3，CUDAStream 流的创建和销毁。

默认流：
- 每个设备有一个默认流（Default Stream），通过 getDefaultCUDAStream 函数获取默认流对象。
- 默认流是同步流，操作按顺序执行。

/**
 * Get the default CUDA stream, for the passed CUDA device, or for the
 * current device if no device index is passed.  The default stream is
 * where most computation occurs when you aren't explicitly using
 * streams.
 */
C10_API CUDAStream getDefaultCUDAStream(DeviceIndex device_index = -1);

独立流：
- 通过 getStreamFromPool 从流池中获取，避免频繁创建销毁流的开销。
- 独立流可以并行执行，但需要手动同步。

/**
 * Get a new stream from the CUDA stream pool.  You can think of this
 * as "creating" a new stream, but no such creation actually happens;
 * instead, streams are preallocated from the pool and returned in a
 * round-robin fashion.
 *
 * You can request a stream from the high priority pool by setting
 * isHighPriority to true, or a stream for a specific device by setting device
 * (defaulting to the current CUDA stream.)
 */
C10_API CUDAStream
getStreamFromPool(const bool isHighPriority = false, DeviceIndex device = -1);
// no default priority to disambiguate overloads
C10_API CUDAStream
getStreamFromPool(const int priority, DeviceIndex device = -1);

4，各个函数实现分析。

// 目的：确保当前流的所有 CUDA 操作执行完毕，提供一种同步机制。
void synchronize() const {
    // 确保在调用 CUDA 同步操作前，将当前设备切换为流所属的设备
    DeviceGuard guard{stream_.device()};
    // 调用 c10::cuda::stream_synchronize() 对当前流进行同步，
    // 即阻塞直到流中所有操作执行完毕，确保 CUDA 操作已完成
    c10::cuda::stream_synchronize(stream());
}

2.2 Stream python 类

Stream 和 Event 的 python 类代码实现都在 torch/cuda/streams.py，分别继承自 torch._C._CudaStreamBase 和 torch._C._CudaEventBase。

Stream 类包含 wait_event、wait_stream、record_event、 query 和 synchronize 等成员函数。
Event 类主要包含：record、wait、query、elapsed_time 和 synchronize 等成员函数。

三 Event 类

3.1 Event 类

1，什么是 Event

Event 是 stream 相关的一个重要设计，用于在 CUDA Stream 中插入事件，记录 GPU 操作的时间戳或实现流间同步。
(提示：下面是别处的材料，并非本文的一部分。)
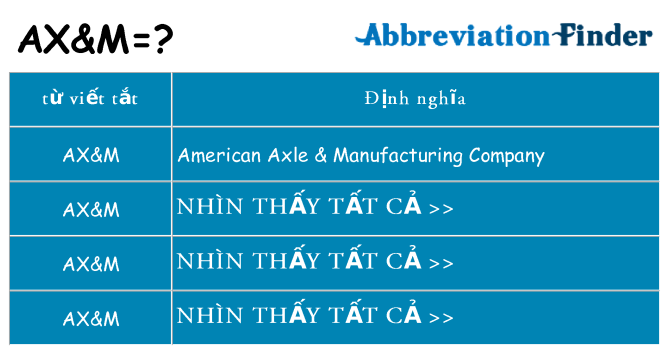 axm hiện những gì đứng cho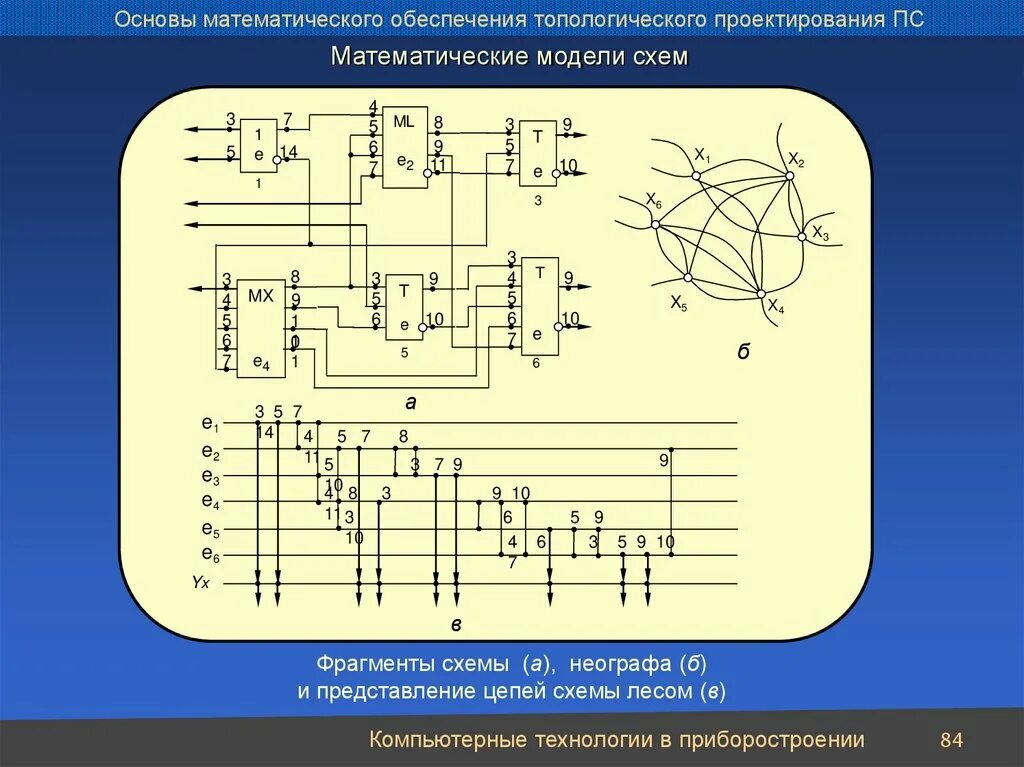 Математические схемы. Схема математической модели. Математическое моделирование схема. Компьютерные модели схема.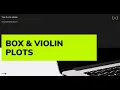 Box Plot and Violin Plot in Python Part 9 Visualization in Python The Data Monk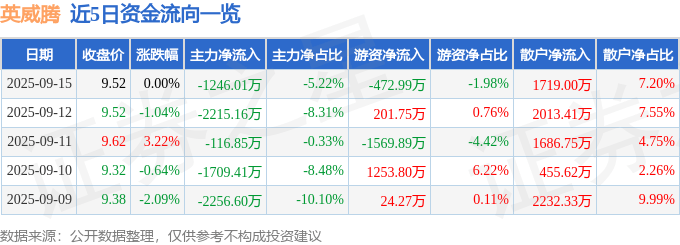股票行情快报:英威腾(002334)9月15日主力资金净卖出1246.01万元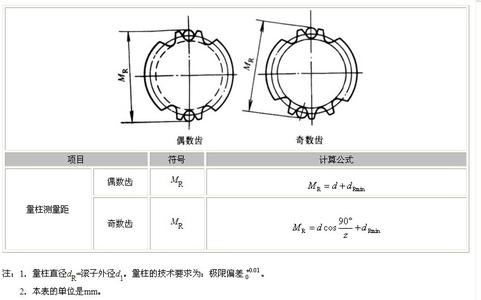 齿轮整体误差测量仪 长度计量技术：齿轮整体误差测量技术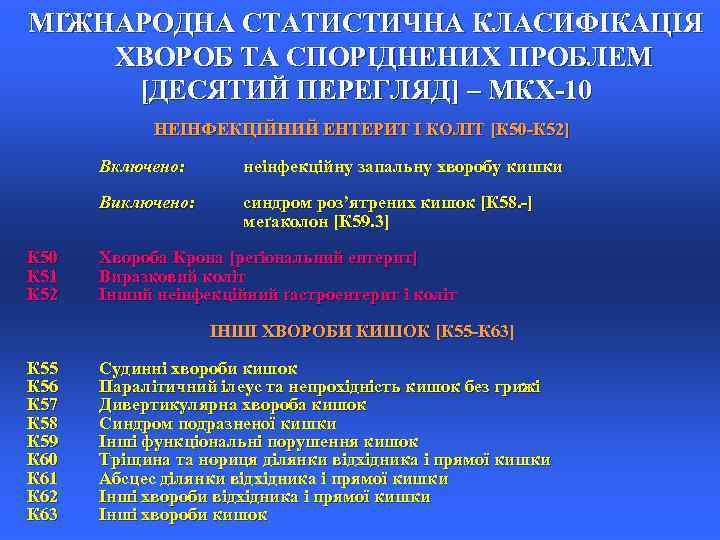 МІЖНАРОДНА СТАТИСТИЧНА КЛАСИФІКАЦІЯ ХВОРОБ ТА СПОРІДНЕНИХ ПРОБЛЕМ [ДЕСЯТИЙ ПЕРЕГЛЯД] – МКХ-10 К 50 К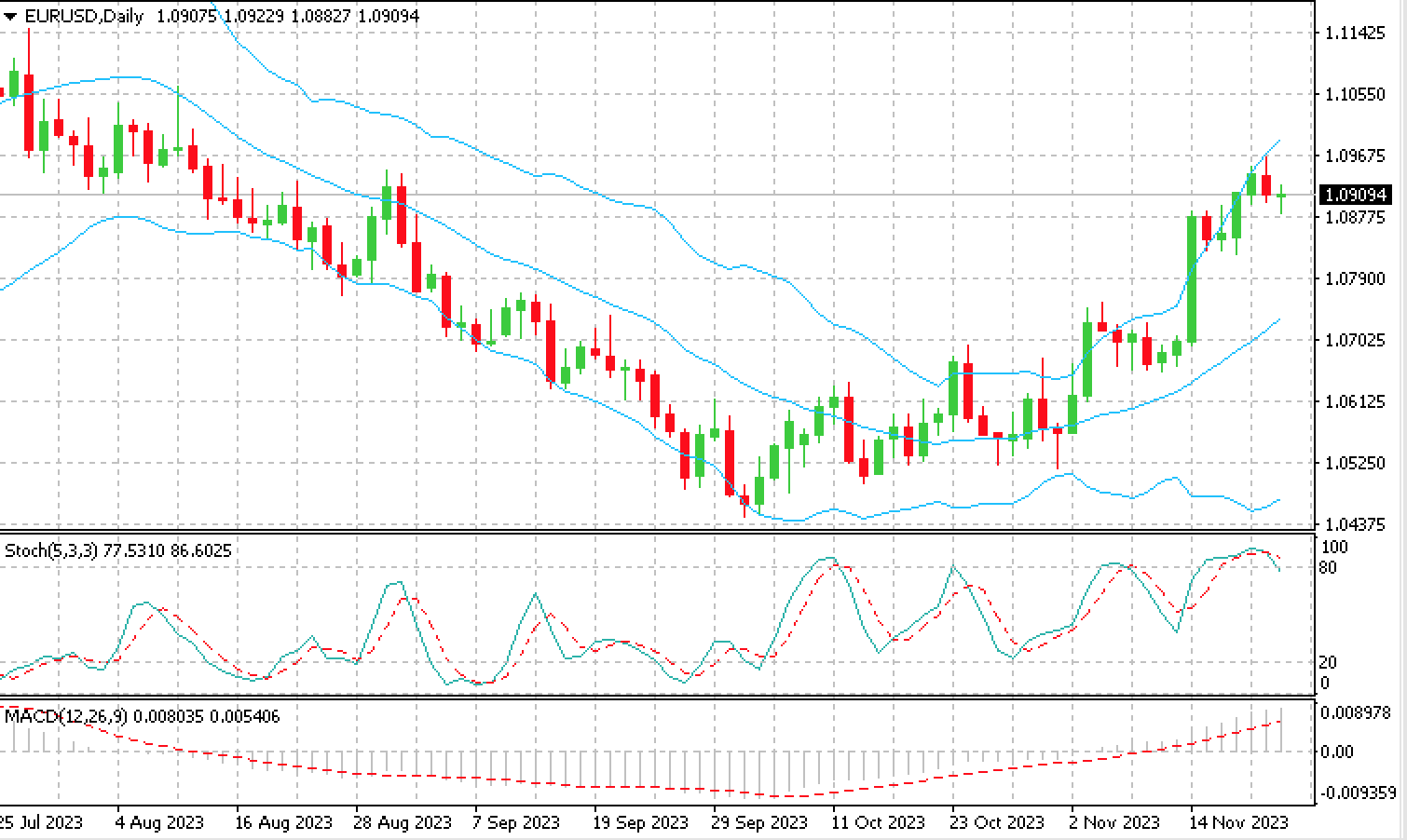 EUR_USD_22.11.23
Event 类的关键方法：

record(stream=None)：在指定流中记录事件。
synchronize()：阻塞 CPU 主机线程，直到直到此事件中当前捕获的所有工作完成。
wait(stream)：让提交到给定 stream 的所有未来工作等待此事件。如果未指定流，则使用 torch.cuda.current_stream()。
elapsed_time(end_event)：计算两个事件的时间差（毫秒）。
query(): 提供了非阻塞式的完成状态检查机制。

2，Event 的生命周期

创建（cudaEventCreate）：调用 cudaEventCreate() 或 cudaEventCreateWithFlags() 创建一个 Event 对象。
记录（cudaEventRecord）：将 Event 推入指定的 stream。如果你使用默认流（即 0 或 cudaStreamDefault），则该 Event 会在所有流上顺序生效（见下文默认流语义）。
查询（cudaEventQuery）：异步查询该 Event 是否已完成。如果为 “未完成”，函数会立即返回 cudaErrorNotReady；只有当该 Event 标记的 stream 中位于它之前的所有操作都执行完毕，query() 才会返回 cudaSuccess。
等待/同步（cudaEventSynchronize）：阻塞当前 CPU 线程，直到该 Event 完成。
销毁（cudaEventDestroy）：释放 Event 资源。

下图是是 c10/core/Event.h 中 Event 类的成员函数总结，各个函数的实现其实是在 c10/core/impl/InlineEvent.h 中。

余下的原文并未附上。